Directors and Executive Officers

    Shoreline's Board of Directors is divided into three classes, which
are as nearly equal in number as possible.  Each class of directors serves
a successive three-year term of office.

    Five members of the present Board of Directors are standing for
reelection.  Four directors stand for election to the class with terms
expiring in 1998.  Mr.

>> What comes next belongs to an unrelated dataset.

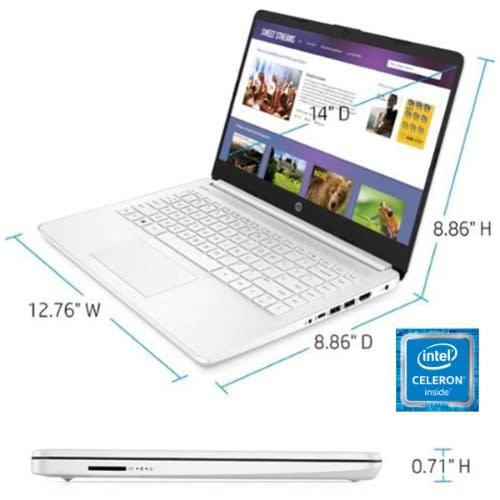 14- Intel Celeron- 64GB SSD - 4GB RAM - Windows 11 In S Mode + Free Headset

Tobian is standing for election to the class with
terms expiring in 1997.

                           -4-
    Biographical information concerning Shoreline's directors and
executive officers, including the five nominees who are nominated for
election to the Board of Directors at the annual meeting, is presented
below.  Except as otherwise indicated, all directors and executive officers
have had the same principal employment for over five years.  Except as
otherwise indicated, all directors and executive officers have held their
positions with Shoreline since 1987.  All executive officers are appointed
annually and serve at the pleasure of the Board of Directors.  Effective
May 27, 1994, Inter-City Bank and Citizens Trust and Savings Bank, both
wholly owned subsidiaries of Shoreline, were consolidated into a single
bank under the name "Shoreline Bank" (the "Consolidation").


Directors With Terms Expiring in 1995

    Thomas T. Huff (age 52) is a partner in the law firm of Varnum,
Riddering, Schmidt & Howlett.  He has been a director of Shoreline Bank
and, before the Consolidation, Citizens Trust and Savings Bank since 1986.

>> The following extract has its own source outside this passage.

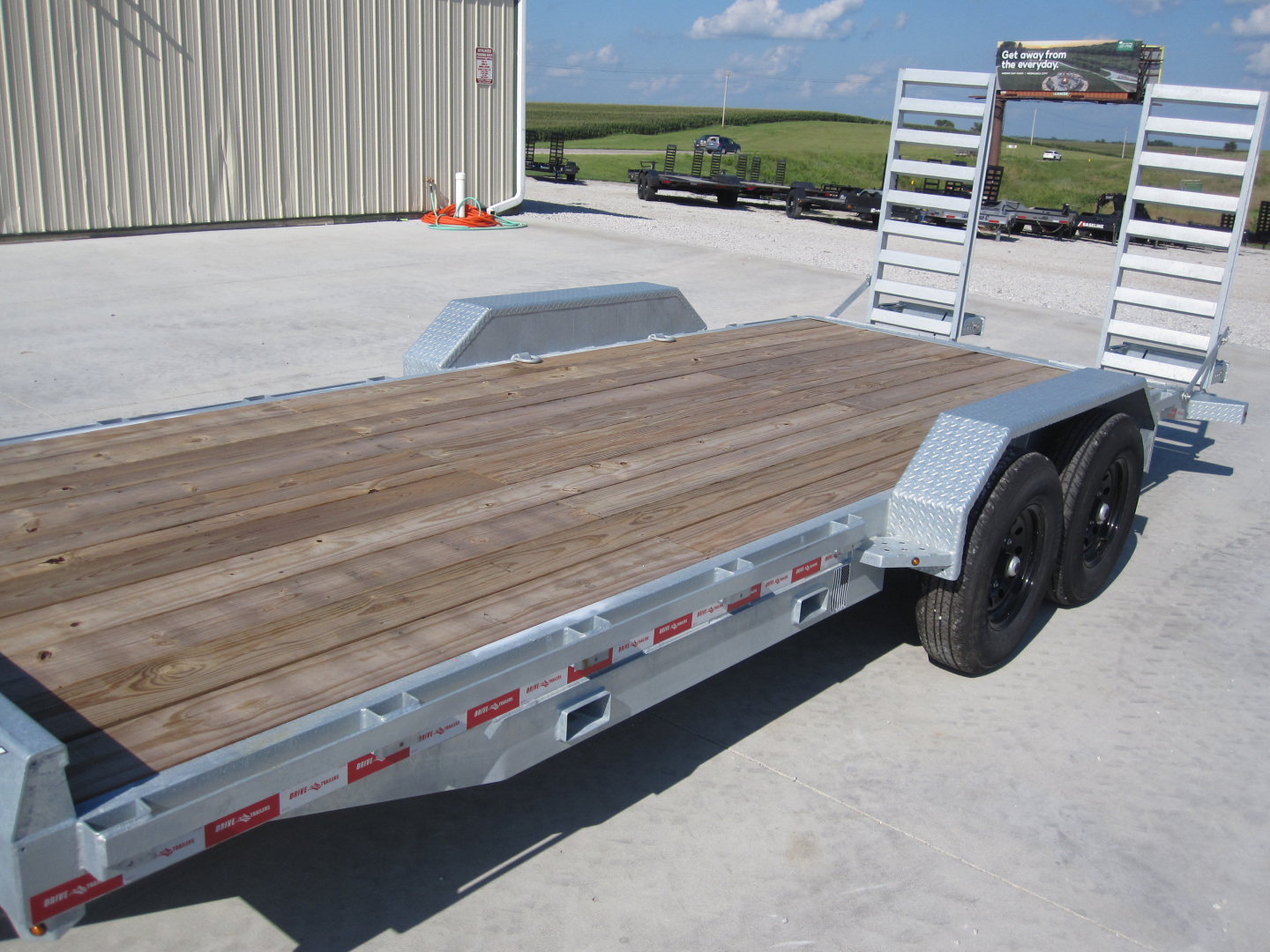 New 2026 Drive Trailers 83x20 Galvanized Equipment Trailer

    L. Richard Marzke (age 61) is President and Chief Executive Officer of
Pri-Mar Petroleum, Inc., a wholesale and retail distributor of gasoline and
other petroleum products and convenience store operator.  He has been a
director of Shoreline Bank and, before the Consolidation, Inter-City Bank
since 1977.

    Dan L. Smith (age 59) is Chairman of the Board, President and Chief
Executive Officer of Shoreline.  Mr. Smith became Chairman of the Board and
Chief Executive Officer on January 1, 1993, having previously served as
President of the Corporation.  Mr. Smith was Secretary of Shoreline until
1992.  Mr. Smith has served as Chairman of the Board, President and Chief
Executive Officer of Shoreline Bank since the Consolidation.  Before the
Consolidation, Mr. Smith had served as President of Inter-City Bank since
1978, Chief Executive Officer of Inter-City since 1988, and a director of
Inter-City since 1972.

    Ronald L. Zile (age 62) retired on December 31, 1994, after serving as
Vice Chairman of the Board of Shoreline since 1987 and Vice Chairman of the
Board of Shoreline Bank since the Consolidation.  Before the Consolidation,
Mr. Zile had served as President and Chief Executive Officer of Citizens
Trust and Savings Bank since 1979, Chairman of the Board of Citizens since
1984 and a director of Citizens since 1978.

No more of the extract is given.